### INSTRUCTIONS TO FOLLOW
Pictures stay out of the copy. Retype exactly, and only, the lines from the one containing "Ручка бумажник флаг США и документы на столе" through the end of the listing below.

### PROVIDED RECORDS
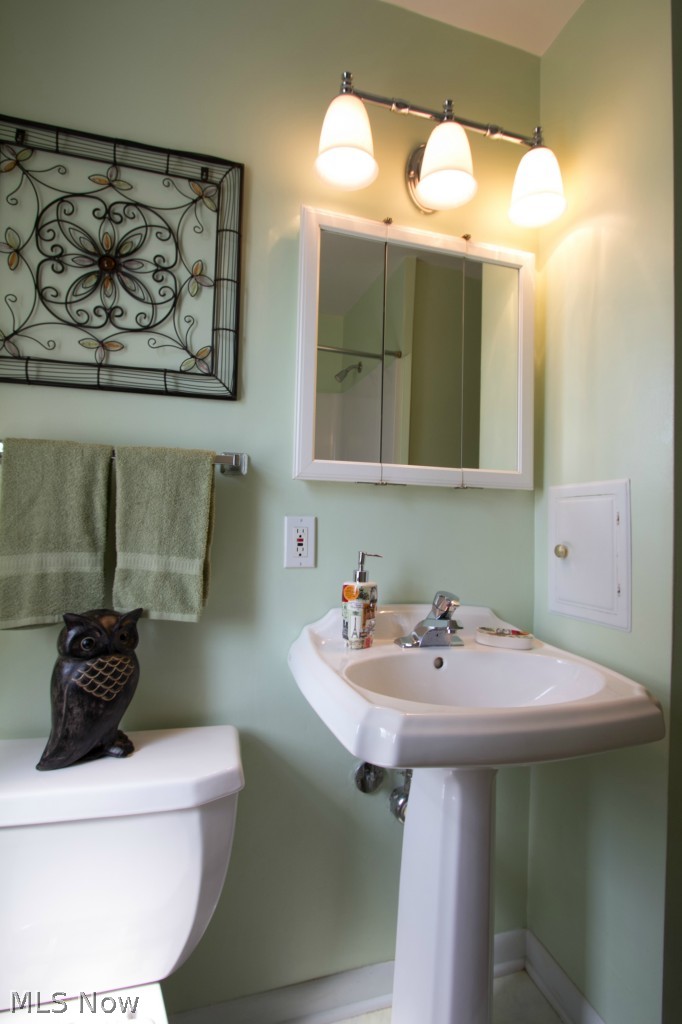 30094 Warren Road Wickliffe, OH 44092 - Photo 19 of 25 Gallery Image 19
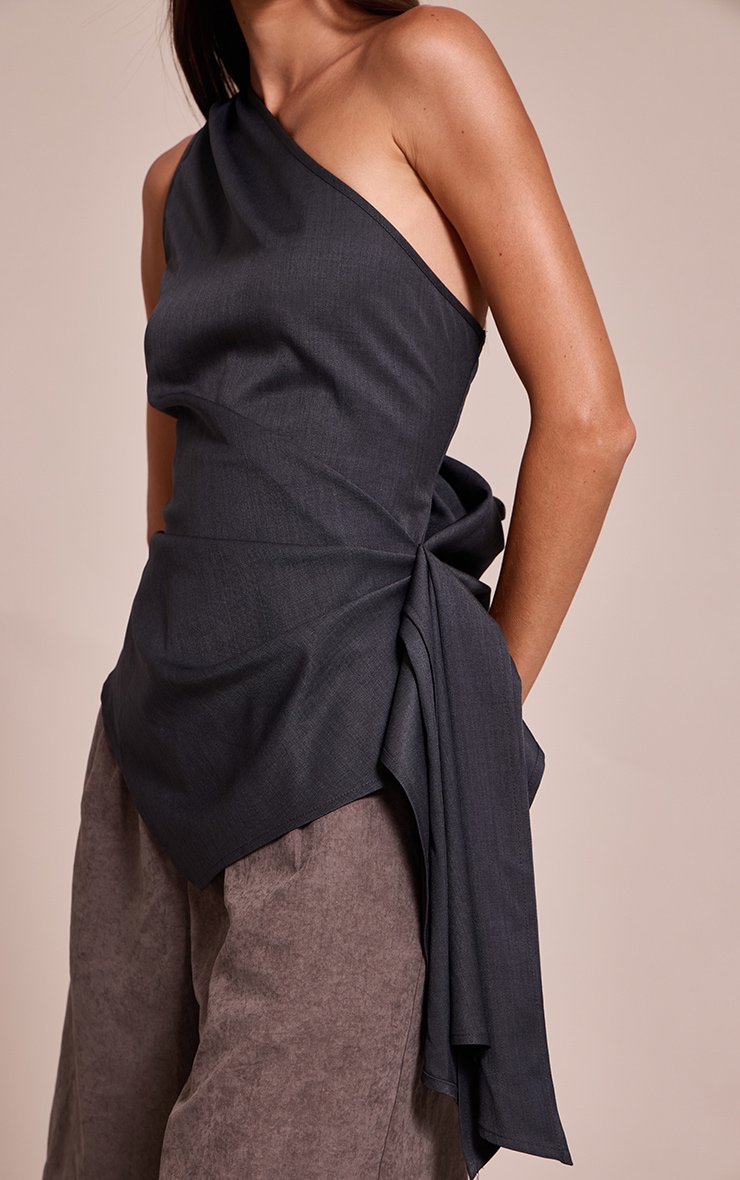 Top tissé drapé gris anthracite à épaule unique image 4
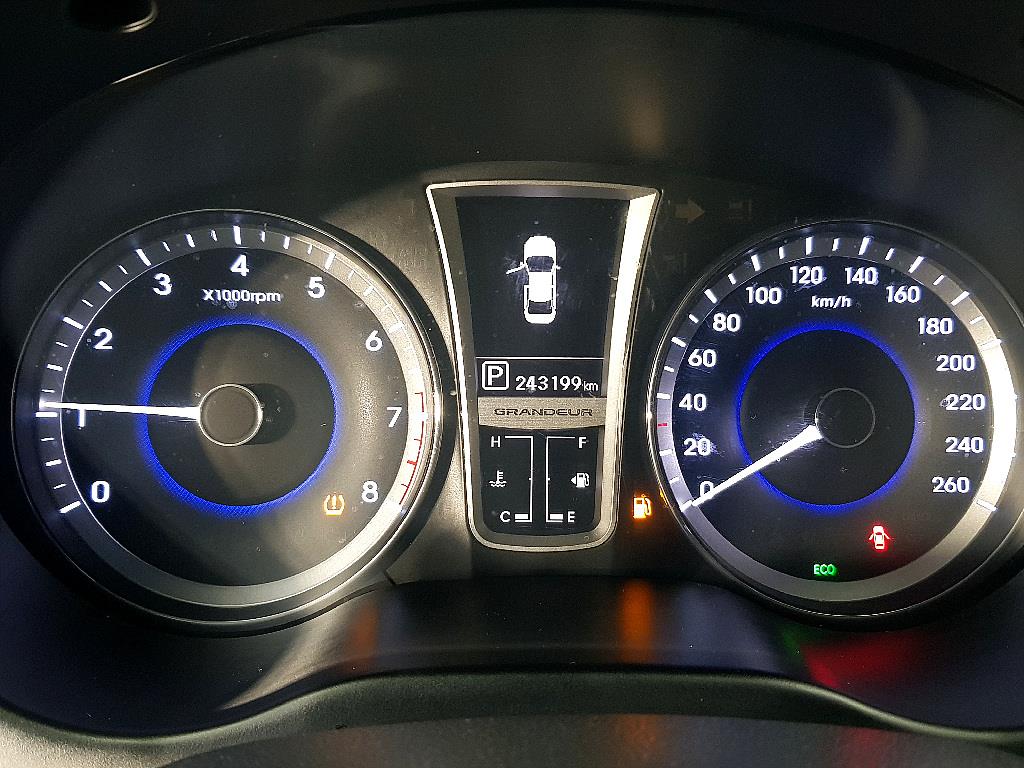 HYUNDAI Grandeur - Vista 7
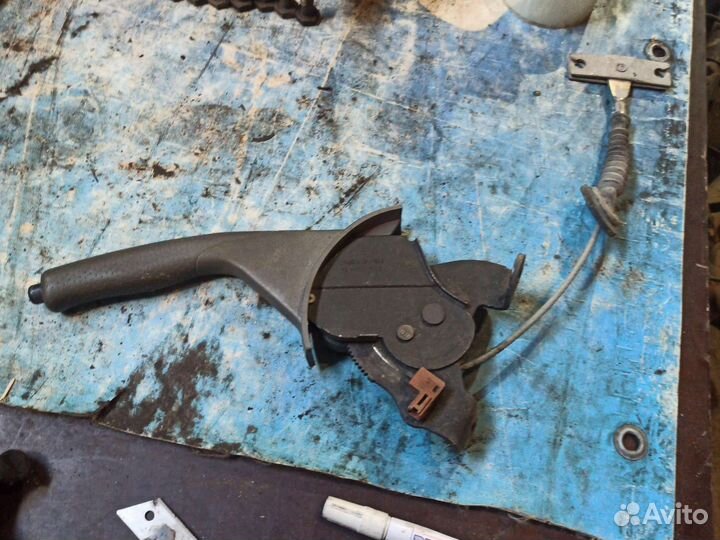 Рычаг стояночного тормоза ручник chery tiggo t11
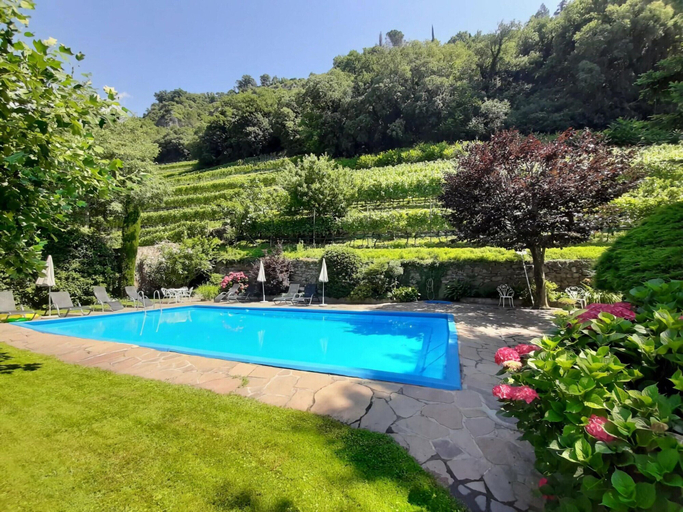 Pool, Sittnerhof Agriturismo - Apartment Goethe, Bolzano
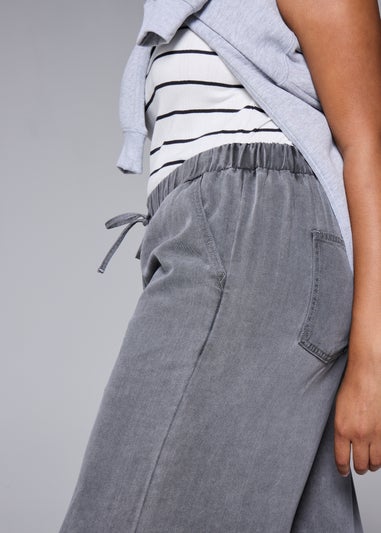 Grey Comfort Fit Wide Leg Jeans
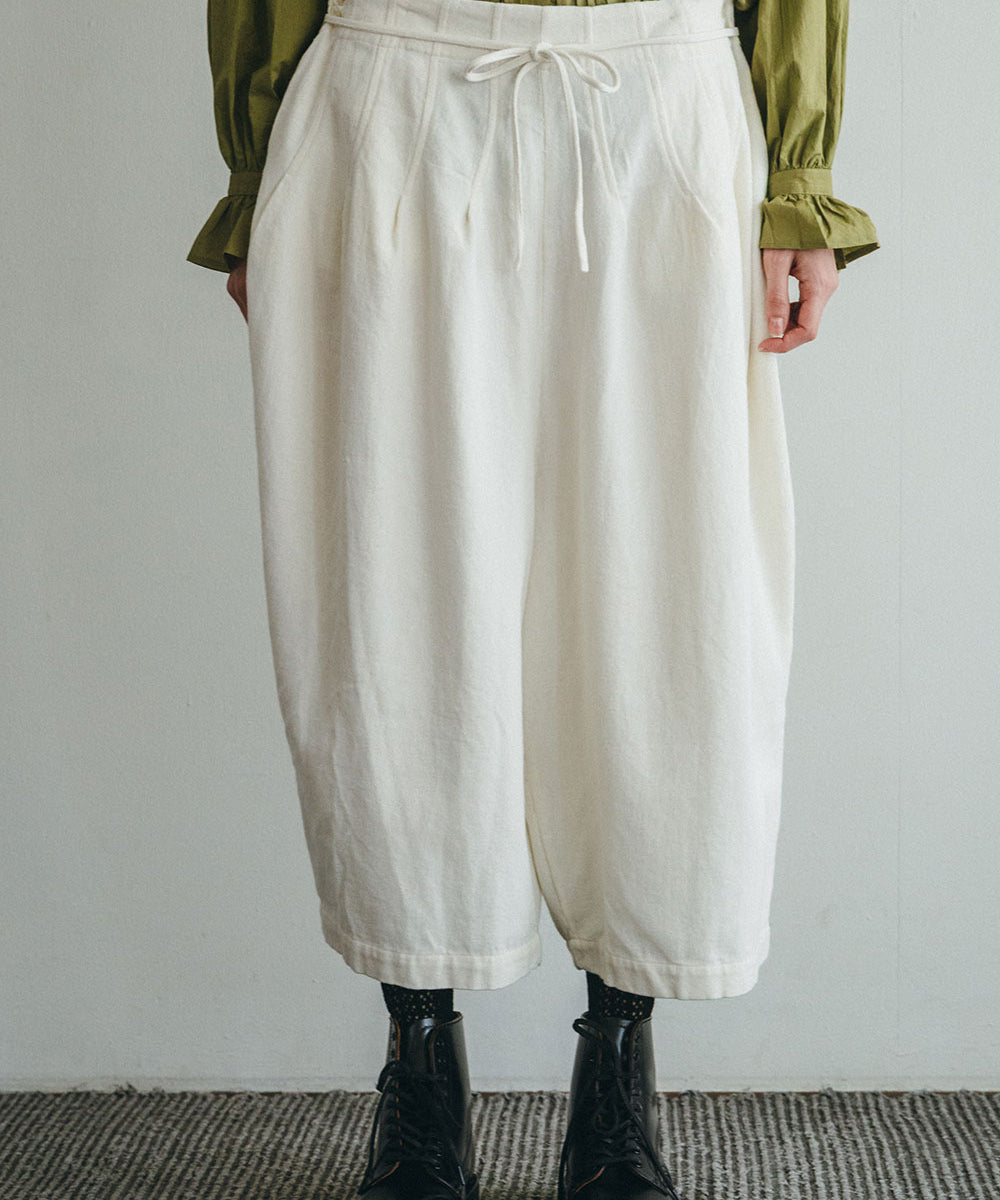 Fog Linen x Mii Thaii Anant Tuck Pants Off White - Tea and Kate
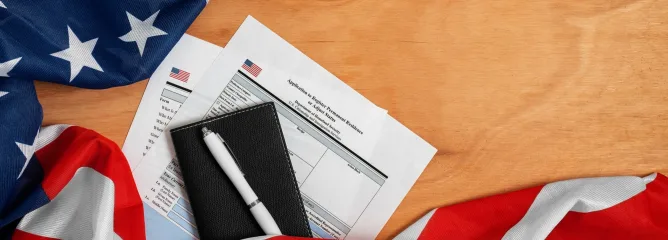 Ручка бумажник флаг США и документы на столе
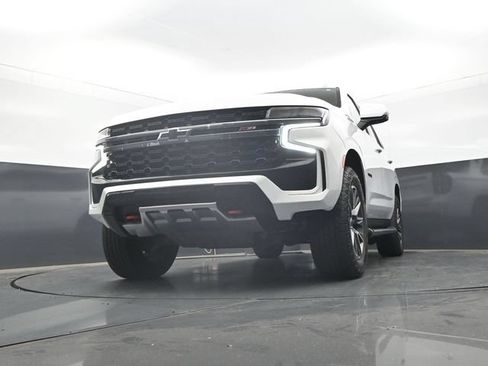 Used 2022 Chevrolet Tahoe Z71 w/ Luxury Package AWD/4WD image 26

### RESPONSE BOX
 Ручка бумажник флаг США и документы на столе
 Used 2022 Chevrolet Tahoe Z71 w/ Luxury Package AWD/4WD image 26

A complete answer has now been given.